Un
adolescente de principios de los años setenta tenía la oportunidad de visitar,
con la imaginación, unos pueblos cuyos referentes inexcusables eran el alcalde
y el cura, acompañados por el cabo de la Guardia Civil y el maestro. En un
plano inferior, y para completar una cohesionada estructura jerárquica, se
situaban otros tipos que aparecían en series de televisión tan representativas
de la época como Crónicas de un pueblo (1971-1974): el alguacil, el
cartero, la boticaria… Incluso el forastero, cuya misteriosa ambigüedad podía
socavar el orden y la tranquilidad de Puebla Nueva del Rey Sancho. Los domingos
por la noche, en horario de máxima audiencia y sin competencia con otras
cadenas, varios millones de españoles veíamos la plasmación de una idea original
del almirante Carrero Blanco, tan desconocido por la mayoría como si se tratara
del guionista. Muchos supimos de él cuando voló por los aires de una calle
madrileña, pero pocos años antes y con la mentalidad de cabo furriel que
proliferaba entre los jerarcas franquistas ordenó a TVE la creación de un
programa que divulgara los textos de las Leyes Fundamentales del Reino (Fuero
de los Españoles, Fuero del Trabajo, Principios del Movimiento Nacional…).

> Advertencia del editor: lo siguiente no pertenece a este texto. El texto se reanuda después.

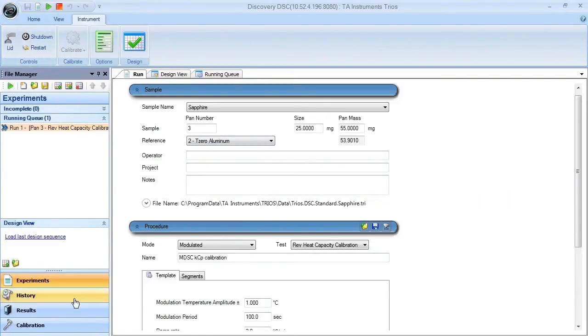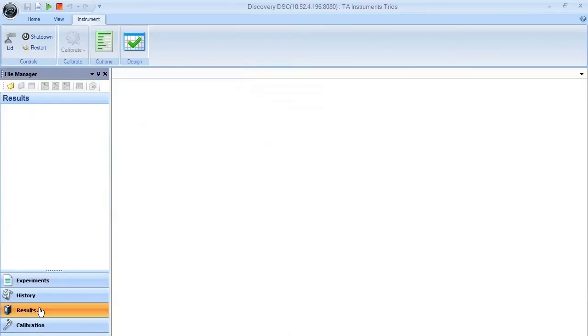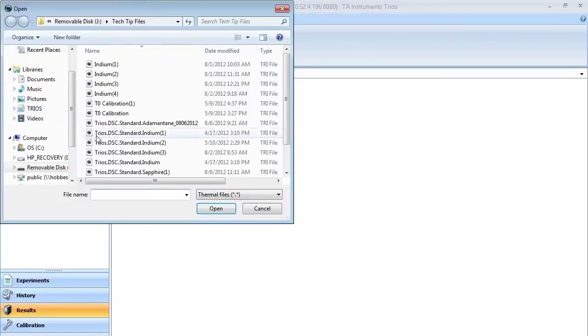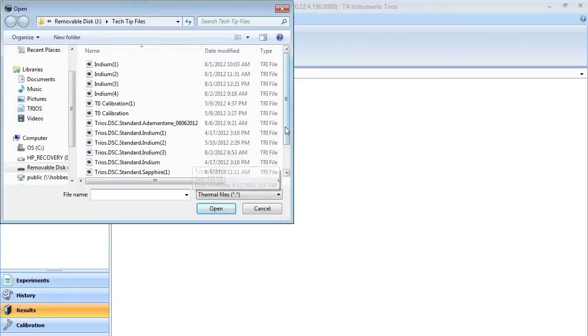Once the experiment is complete, we should be able to see this in the results pane. If not, we can then open these results manually.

Eran
tiempos de ordeno y mando con Adolfo Suárez al frente de un equipo que actuó
con disciplina y hasta entusiasmo. La consecuencia fue la aparición de una
serie centrada en un pueblo que se pretendía representativo de la España de
entonces. En Puebla Nueva del Rey Sancho surgían algunos problemas, a menudo
derivados del choque entre unos vecinos reacios al progreso tecnológico y
social y una realidad cambiante que convenía amoldar al orden establecido.
Todos sabíamos que había solución, pues la respuesta estaba prevista en «los
fueros».
La
palabra mágica -parecía de otra época y nadie de nuestro entorno la utilizaba-
era pronunciada por el depositario de la sabiduría del municipio: el maestro.
Recuerdo aquellos desenlaces que lo dejaban todo bien explicado gracias a las
dotes pedagógicas del personaje interpretado por Emilio Rodríguez, siempre
bonachón y dispuesto a charlas con el alcalde o el cura por las calles del
pueblo para ocuparse de la defensa del bien común. Aquellas fuerzas vivas eran
tan responsables como inamovibles. Parecían encontrarse allí desde la noche de
los tiempos y, por supuesto, con una voluntad de permanencia que también
estaría en los fueros. Años después supe que entre los guionistas figuraba un
desconocido: Juan Alarcón Benito, que ejercía como subjefe provincial del
Movimiento en Ávila y se convertiría en el prolífico autor de una Editorial
Andina que no le sacó del anonimato. El citado guionista, junto con otros que
participaron en la serie, era el encargado de introducir las píldoras políticas
e ideológicas en una serie cuya intencionalidad queda al margen de cualquier
duda. Dudo, no obstante, que los resultados se correspondieran con las
intenciones. No solo porque el cambio de régimen viniera poco después, sino
porque el probable y relativo error del almirante fue propagar lo que había
sido mantenido en silencio. Y por eso, entre otras razones, duró tanto.